Dennis Cahill, Loose Moose's artistic director, says the company is looking for new theatre space after it decided it wouldn't pay the owners of the historic Garry Theatre a rent that was triple the size of its last lease agreement.
The owners of the Garry Theatre, Calgary's John and Oreal Kerr, say the new rent is a fair price for the area after giving Loose Moose a sweatheart rental agreement for the past five years.
Cahill says the theatre group best known for its innovative improvisational theatre simply decided it wasn't worth the new rent for the space.
"We felt we could get something a little larger for less rent," Cahill says. "It's sad to leave because I think Loose Moose fit in very well down here. I like Inglewood. I think it's a great neighbourhood."
Cahill says the theatre group is in sound financial shape, but realizes it's going to be a struggle to find new theatre space in a city where theatre space is already at a premium.
"It's going to be a bit of a struggle, but I think we're highly adaptable," he says.
Oreal Kerr says she rented the space to Loose Moose five years ago at the low rate of $1,500 a month as a way of making a contribution to the community, but she feels rent on the building should now reflect its actual cost, which is why she is asking $5,000 a month.
"We offered it at $1,500 a month (in 1997), which was stupid. People were clamouring to get in but we went with Loose Moose because of their reputation," Kerr says. "We allowed them to build up their bank account while they were there
They admit they can afford the rent, but they don't want to pay it."
Kerr says she has been displeased with Loose Moose's contribution to the community and offered them a reduced rate if they would agree to occasionally share the space with other community groups, but that was rejected.
"I'd love to have kept Loose Moose, but I want something in there that will contribute to the community," Kerr says. "If they had gone for the community use, we would have had a deal."
Kerr also discounts rumours that the space will be converted into a furniture store as "pure speculation." She says she doesn't know who will take up residency in the theatre, but has tentative plans to renovate the facility to allow for its use as a retail space, with the potential to covert it back to a theatre in the future.
Cahill says the community use offer didn't fit into Loose Moose's operations.
"It was never a fully formed plan on their part.

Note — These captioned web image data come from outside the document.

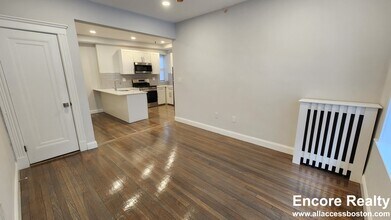 11 Peterborough St, Unit 17 in Boston, MA - Foto de edificio - Building Photo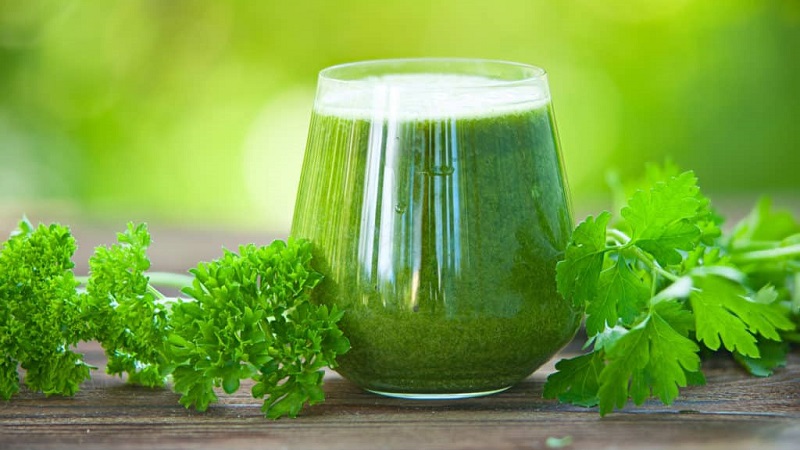 Paano kumuha ng parsley juice: mga benepisyo at pinsala para sa katawan ng tao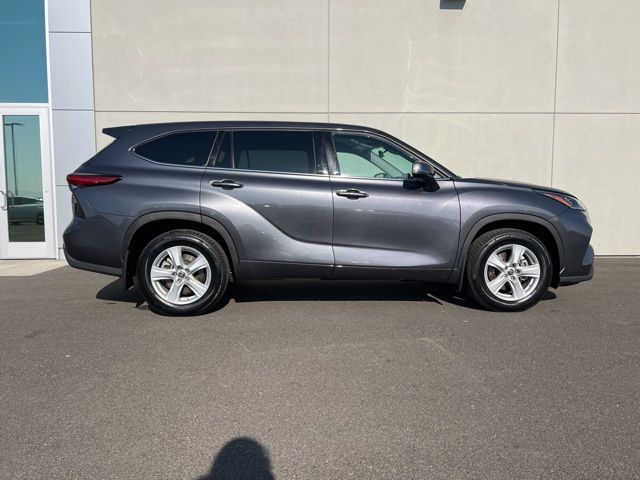 2020 Toyota Highlander L photo 2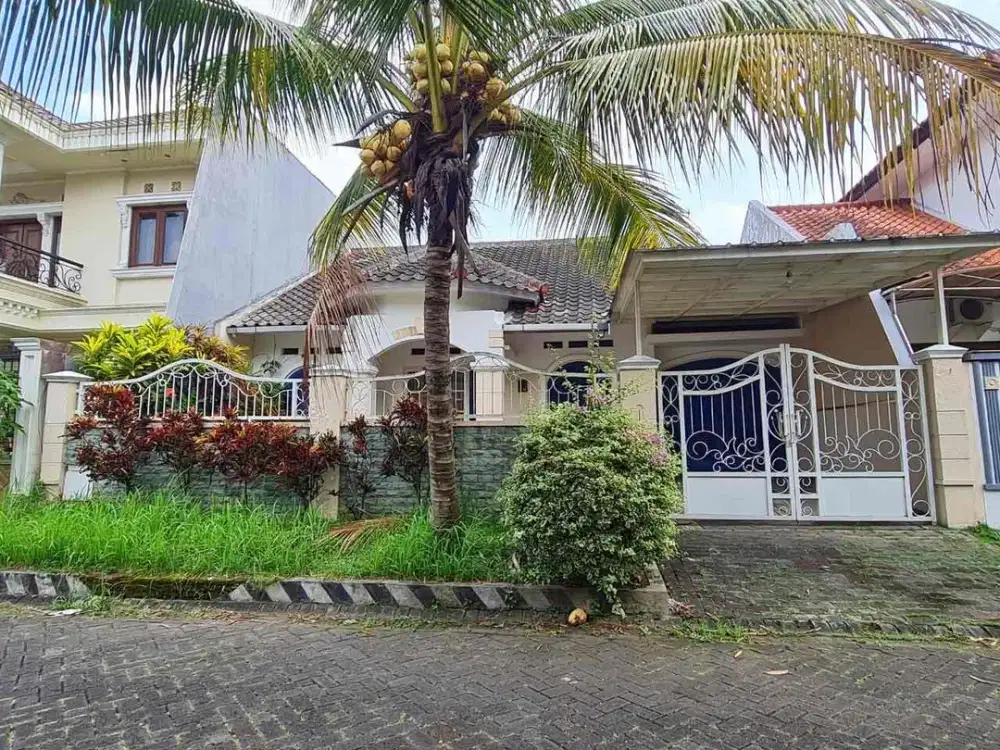 Rumah Murah Luas 240 Kompleks Mewah Araya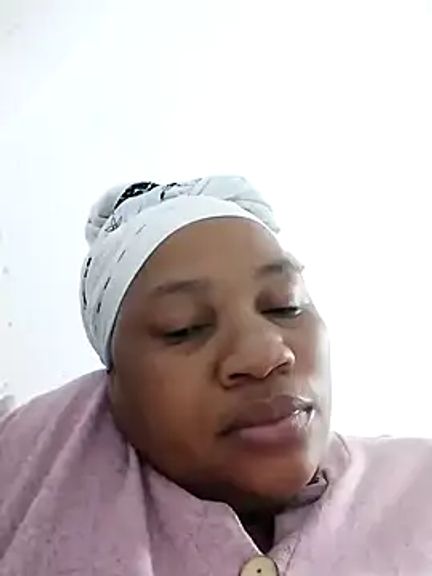 Bustyslave48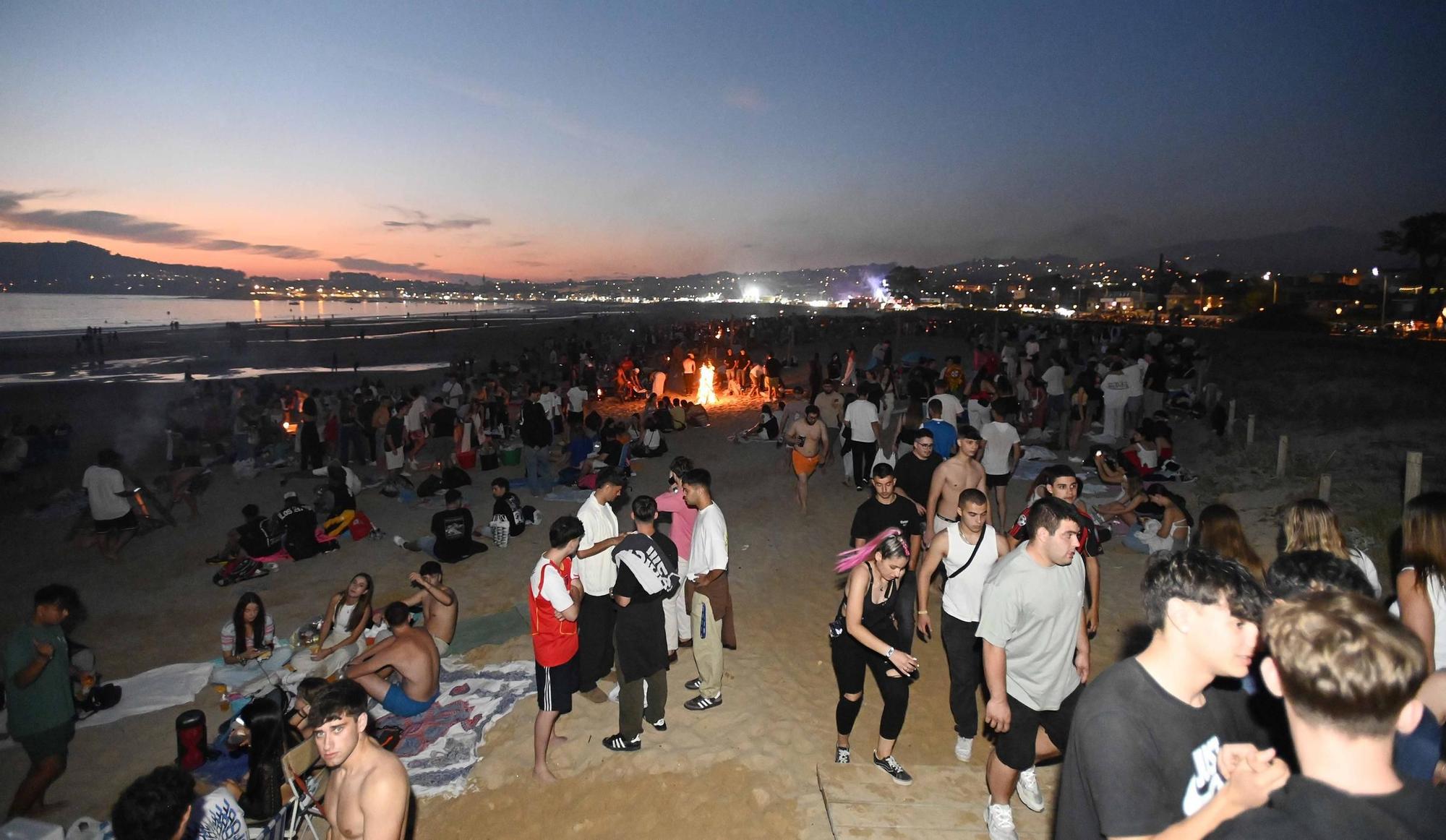 Ambientazo en las playas y plazas llenas para celebrar la noche meiga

It's a mistake to think we weren't using the space (to its capacity)
We're already short of space," Cahill says. "To me, it didn't seem like a reasonable offer and it seemed like a way for them to say (we) don't help out the community, and anyone who knows us knows that isn't true."
Both Kerr and Cahill say there is little chance a new deal can be worked out at this point. Loose Moose is already packing its bags and looking for a new home.
"Hopefully we'll be up and running again in a few months," Cahill says.